Today I went to The Musical Museum with @kocicenka. It’s our holiday, but we are spending it in London to save some cash!

The Musical Museum is a pretty interesting place. Its website however leaves a lot to be desired!

Its full of incredibly complex and laboriously made mechanical self playing musical instruments. We went on a tour with a nice bloke who explained a lot of it to us.

He explained and demostrated steel pin drum music boxes, then pin disc music boxes and then onto player pianos with paper piano rolls. After that he showed us some orchestrions and other mechanical player instruments including a violin duet one which was quite bizarre. At the end we saw a recorded piano roll performance from Gershwin.

The whole thing was extremely impressive. So much effort and work has gone into achieving the ability to create a distributed musical experience in this era. Between 1880 – 1929 these machines really were the only way you could experience music on demand in the home. They were initially only owned by the rich, but towards the end of that era much cheaper versions became available which much of the middle class could afford.

Of course when recordings and gramophone playback became viable, all of this became practically obsolete.

As I wandered around, it struck me how the vast amount of effort embodied in these machines, which involved some incredible innovation and extreme precision and skill is lost in obscure museums. I guess it happens in all fields which involve technological progression.

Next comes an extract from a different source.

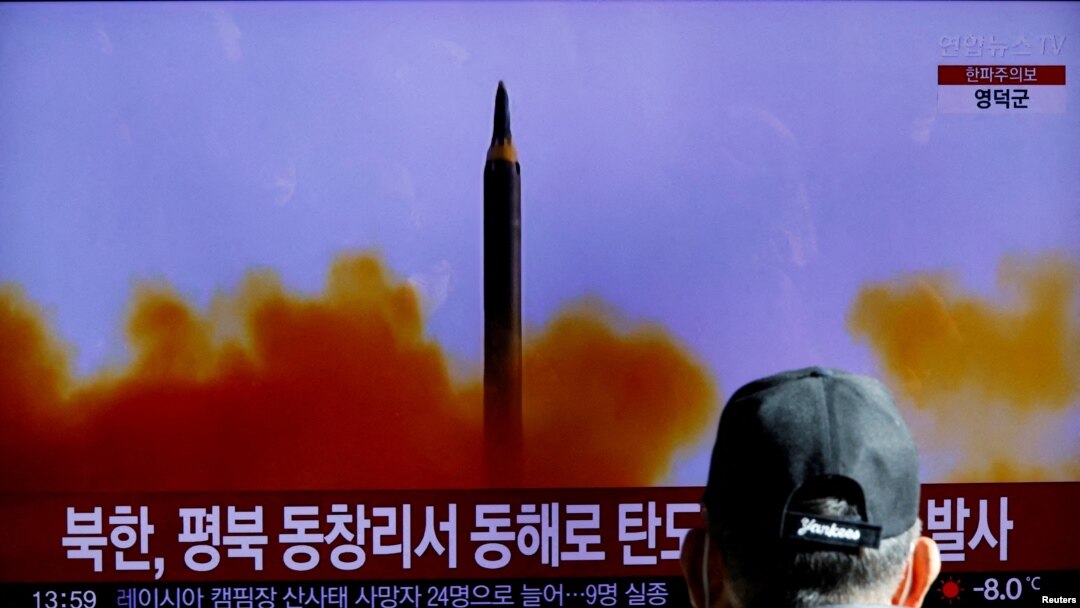 FILE - A man in Seoul, South Korea, watches a TV broadcasting a news report about North Korea firing a ballistic missile on Dec. 18, 2022.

I’m certainly already feeling this is a factor with the musical work I have done which is inextricably linked with software. As devices and operating systems progress software made for them is forced to maintain compatibility or become redundant – its an interesting point to consider.

I also recently went to an event at the Science Museum which featured a reunion of some early BBC Radiophonic Workshop members and the founders of EMS.

Peter Zinovieff was there and I had a great chat with him afterwards. The work he did at EMS pioneering sequencing and synthesis control with computers was really fascinating. His story at the end of this video about how his studio was abandoned and destroyed is truly heart rending. I think its a real shame when innovation of this level gets lost in time.

I hope to talk with Peter a lot more soon.